● **PROMPT**
For this exercise, the lines from the one with "[Marca Privada] Adhesivo" through the final line of the data below are to be transcribed exactly, and pictures are to be skipped.
::: SUPPLIED MATERIAL :::
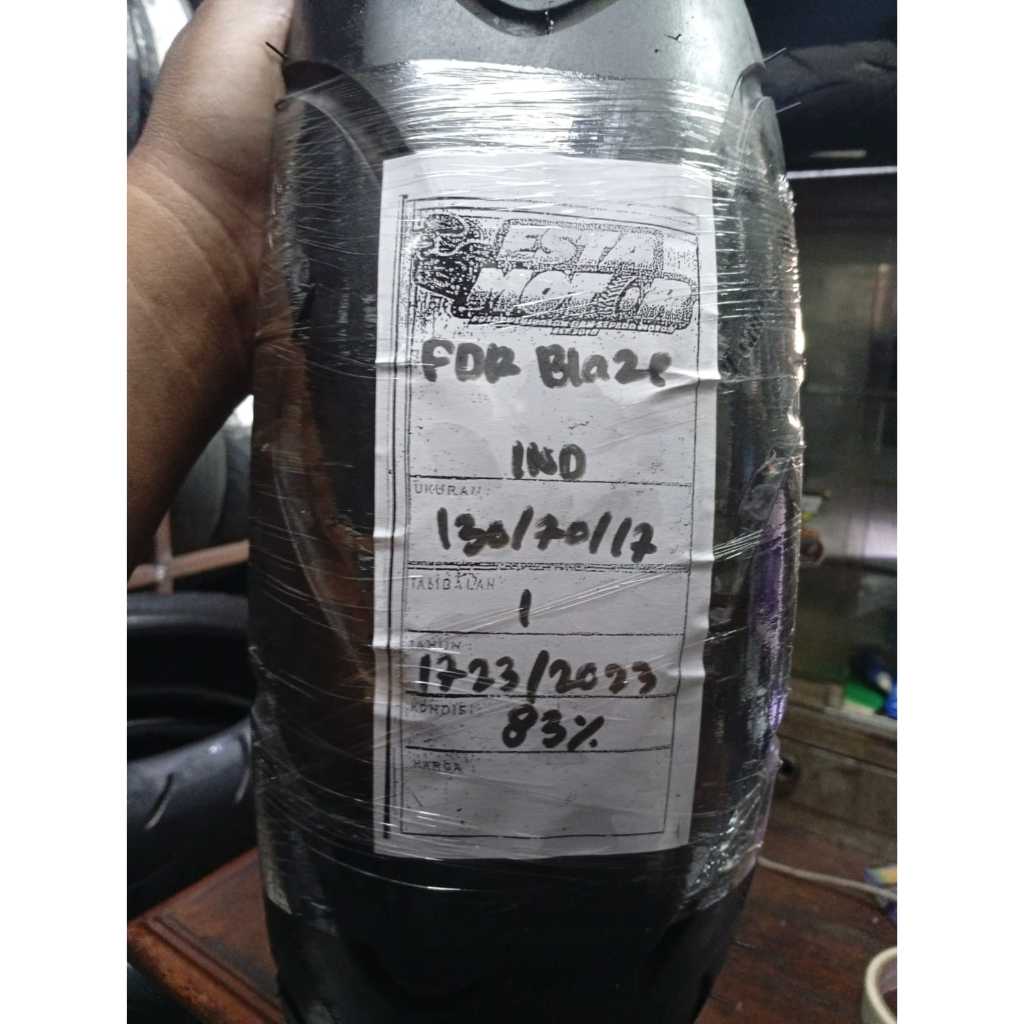 BAN COPOTAN FDR BLAZE RING 17 UKURAN 130 70 17 KODE1723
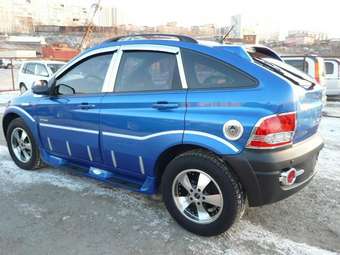 2006 SsangYong Actyon Pics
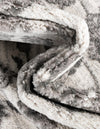 Charleston Elegance Collection Area Rug -  Seaport (white Gray) Rectangle white Gray  lifestyle 8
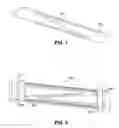 Fig. 02 - Printer ribbon with sewn feature and apparatus for forming same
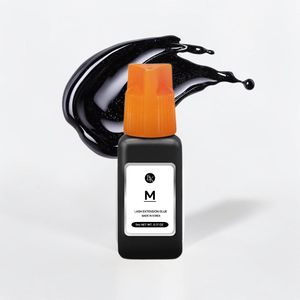 [Marca Privada] Adhesivo M de 3 ml (Secado Rápido en 1-2 Segundos) Pegamento Coreano Premium para Extensiones de Pestañas ODM/OEM Pegamento Líquido de Larga Duración y Fuerte Fijación - Product Image 1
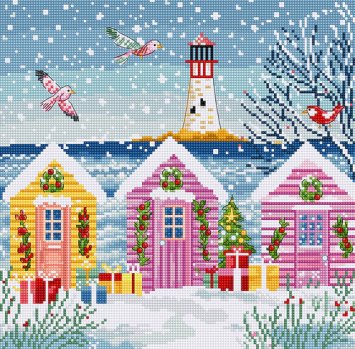 Набір для вишивки хрестиком L9915 . Letistitch - 1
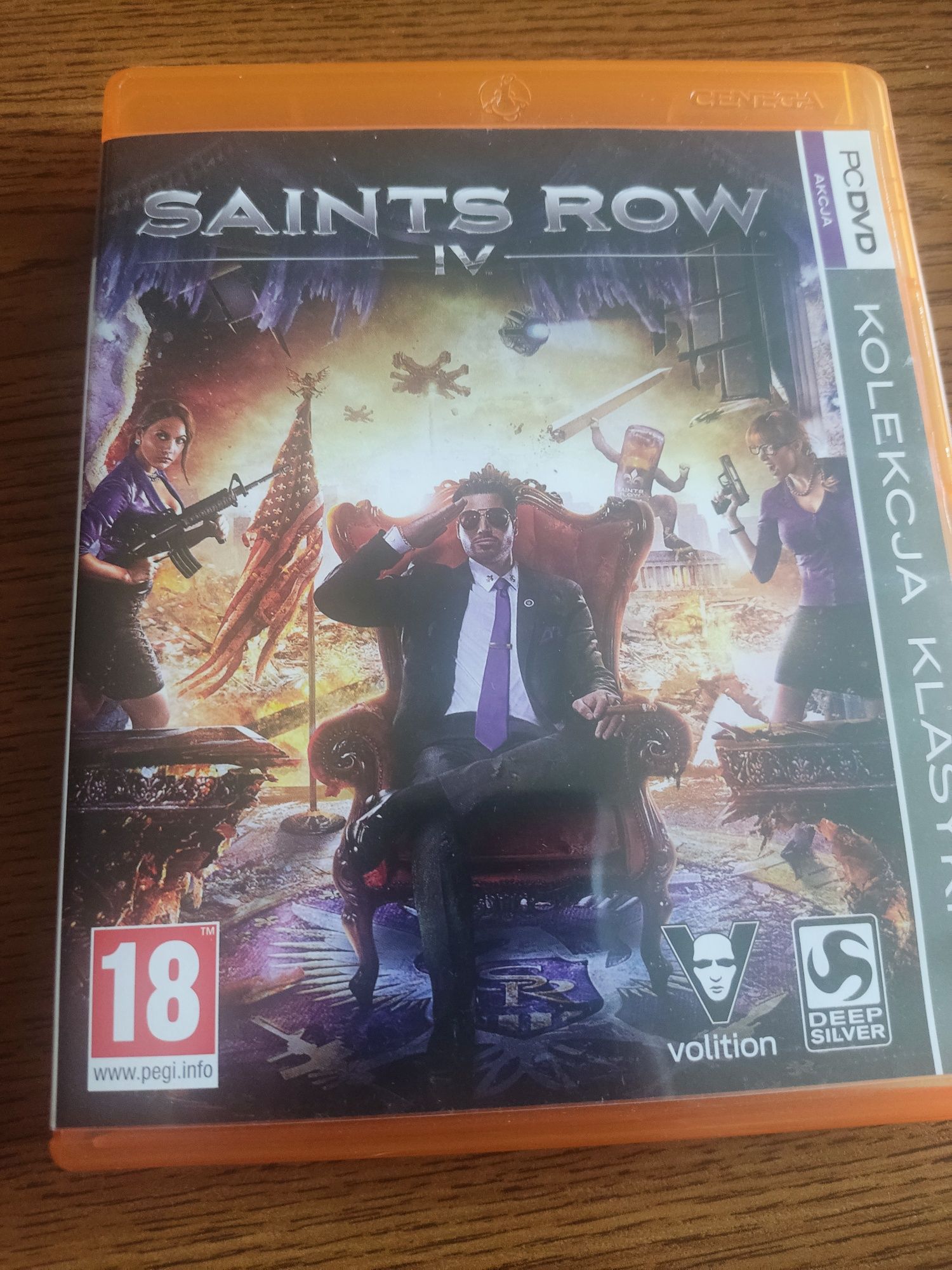 Saints Row IV bez klucza PC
:::
● **EXPECTED ANSWER**
 [Marca Privada] Adhesivo M de 3 ml (Secado Rápido en 1-2 Segundos) Pegamento Coreano Premium para Extensiones de Pestañas ODM/OEM Pegamento Líquido de Larga Duración y Fuerte Fijación - Product Image 1
 Набір для вишивки хрестиком L9915 . Letistitch - 1
 Saints Row IV bez klucza PC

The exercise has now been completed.